User-based chunking

From Apertium
Revision as of 21:03, 21 June 2020 by Francis Tyers (talk | contribs)
Jump to navigation Jump to search

Sometimes in translations it would be useful to be able to mark particular segments/chunks not for translation, but to give them an analysis for the purposes of translation.

Some use-cases:

  • Product names, long named entities
    • Microsoft 365 for business is the right choice for your company
    • A very popular film adaptation is "Gone with the Wind".
  • The use of quoted chunks as modifiers
  • Quotations in a second (or third) language
    • And then he came back and said "Bu ne lan?"


User-based, online

1. A user could mark in an interface that they don't want a particular span translating, each word would be prefixed then with a symbol. Sequences of these words would be merged by -separable or something like it. And the whole chunk would be either given a default tag, a tag determined by a classifier or a tag determined by rules.
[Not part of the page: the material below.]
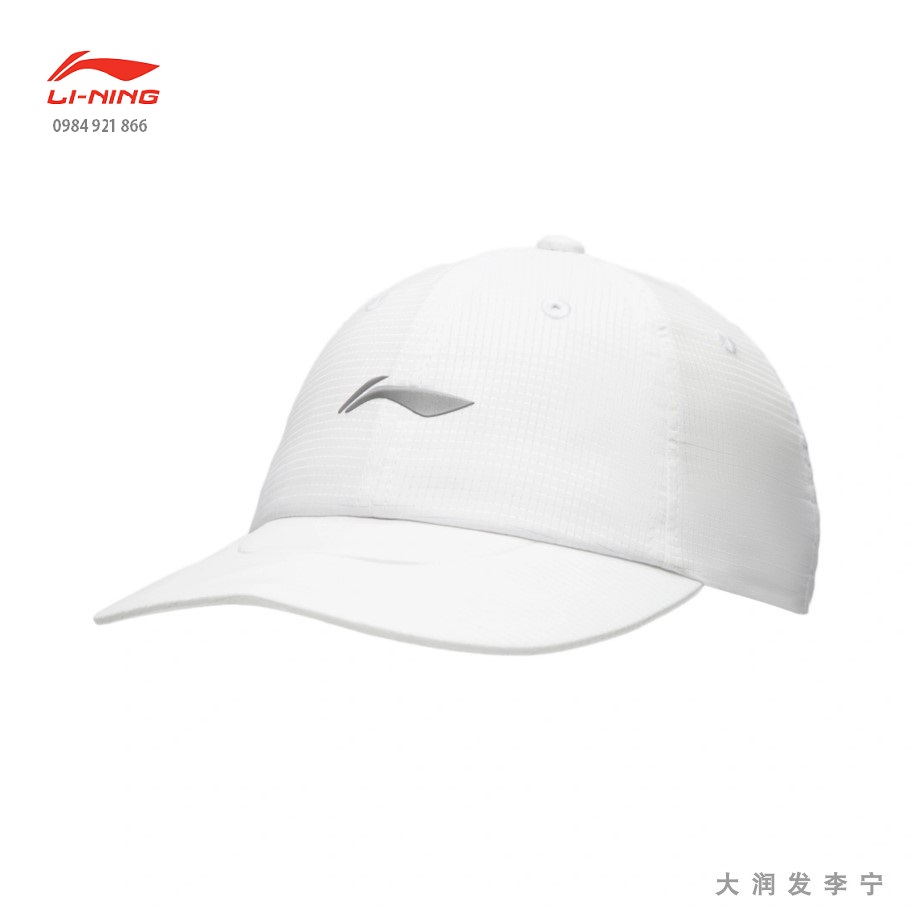 Mũ Thể Thao LINING AMYT261 Chính Hãng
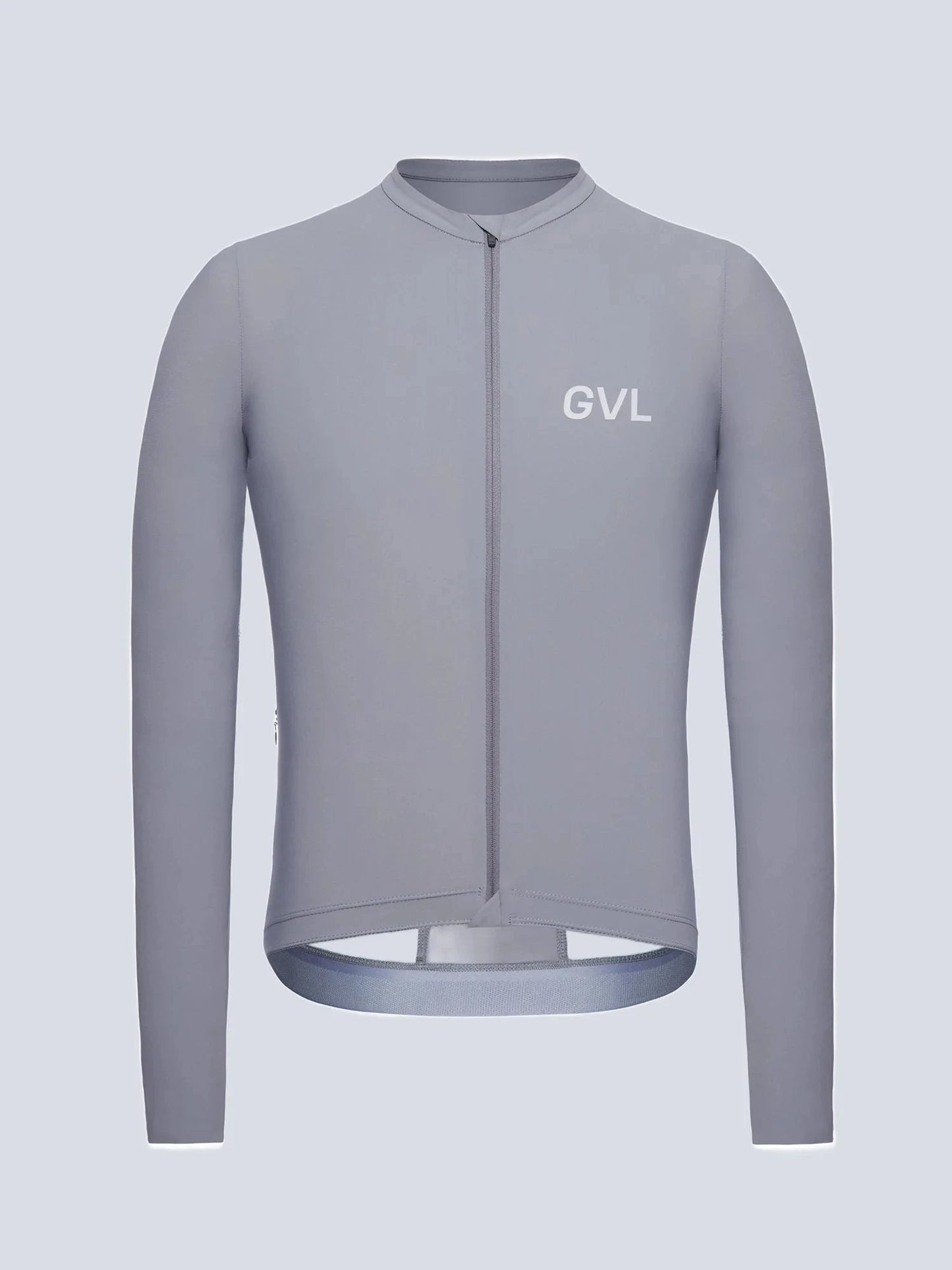 Givelo - Jersey long C.D.A Unisex Long Sleeve Jerseys Givelo XXS Ice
Microsoft 365 for business is right choice for your company

+Microsoft +365 +for +business is right choice for your company

^+Microsoft/Microsoft<np><al>$ ^+365/365<num>$ ^+for/for<pr>$ ^+business/business$ ^is/be<vbser><pres><p3><sg>$ the right choice for your company

^+Microsoft 365 for business/Microsoft 365 for business<np><al>$ ^is/be<vbser><pres><p3><sg>$ the right choice for your company.


For dealing with quoted text we might be better to have an automatic system that does language identification combined with rules. The same technique could be used, words that receive an analysis would get the surface form prefixed with + after running through the module.

Engine-based, offline
  • Discovering these kind of things should be possible using only monolingual corpora, or resources such as Wikipedia.